**Brief**
Everything from the line containing "Kallo Organic Lightly" to the last line of the material below must be retyped exactly, both ends included; skip the pictures.

**Exercise materials**
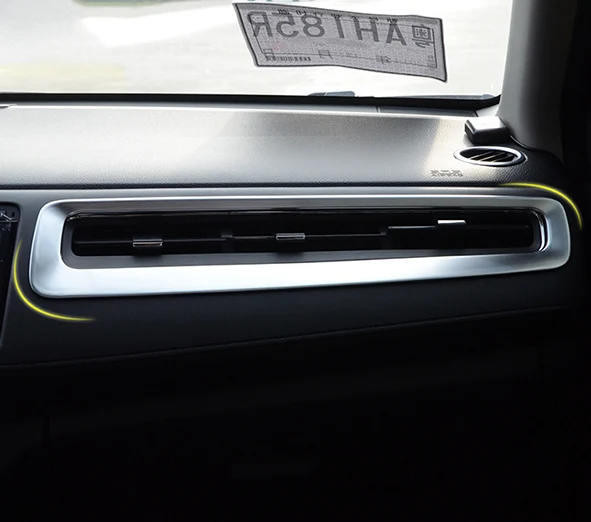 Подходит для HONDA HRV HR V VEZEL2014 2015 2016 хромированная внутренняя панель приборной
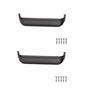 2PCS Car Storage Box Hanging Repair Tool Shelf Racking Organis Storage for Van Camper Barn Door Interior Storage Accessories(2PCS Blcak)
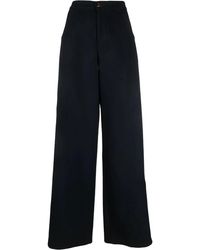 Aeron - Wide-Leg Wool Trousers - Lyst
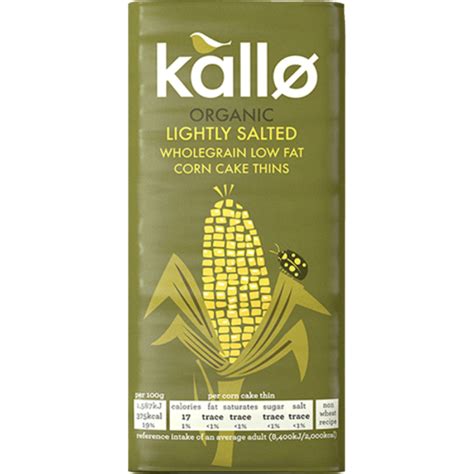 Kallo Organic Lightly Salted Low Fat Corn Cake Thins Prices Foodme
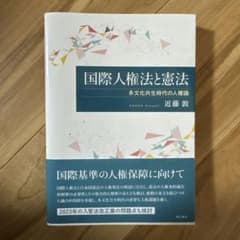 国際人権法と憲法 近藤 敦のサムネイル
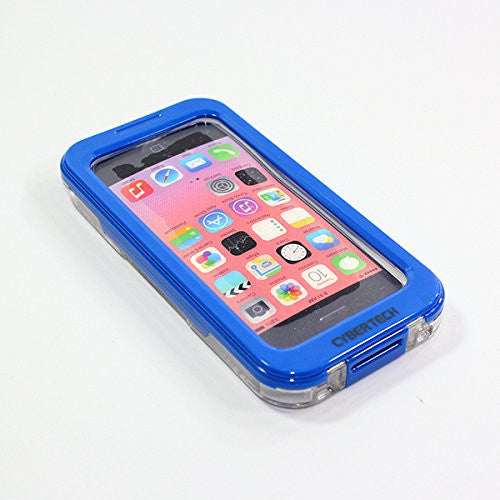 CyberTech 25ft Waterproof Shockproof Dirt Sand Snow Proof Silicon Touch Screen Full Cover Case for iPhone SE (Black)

**Task result**
 Kallo Organic Lightly Salted Low Fat Corn Cake Thins Prices Foodme
 国際人権法と憲法 近藤 敦のサムネイル
 CyberTech 25ft Waterproof Shockproof Dirt Sand Snow Proof Silicon Touch Screen Full Cover Case for iPhone SE (Black)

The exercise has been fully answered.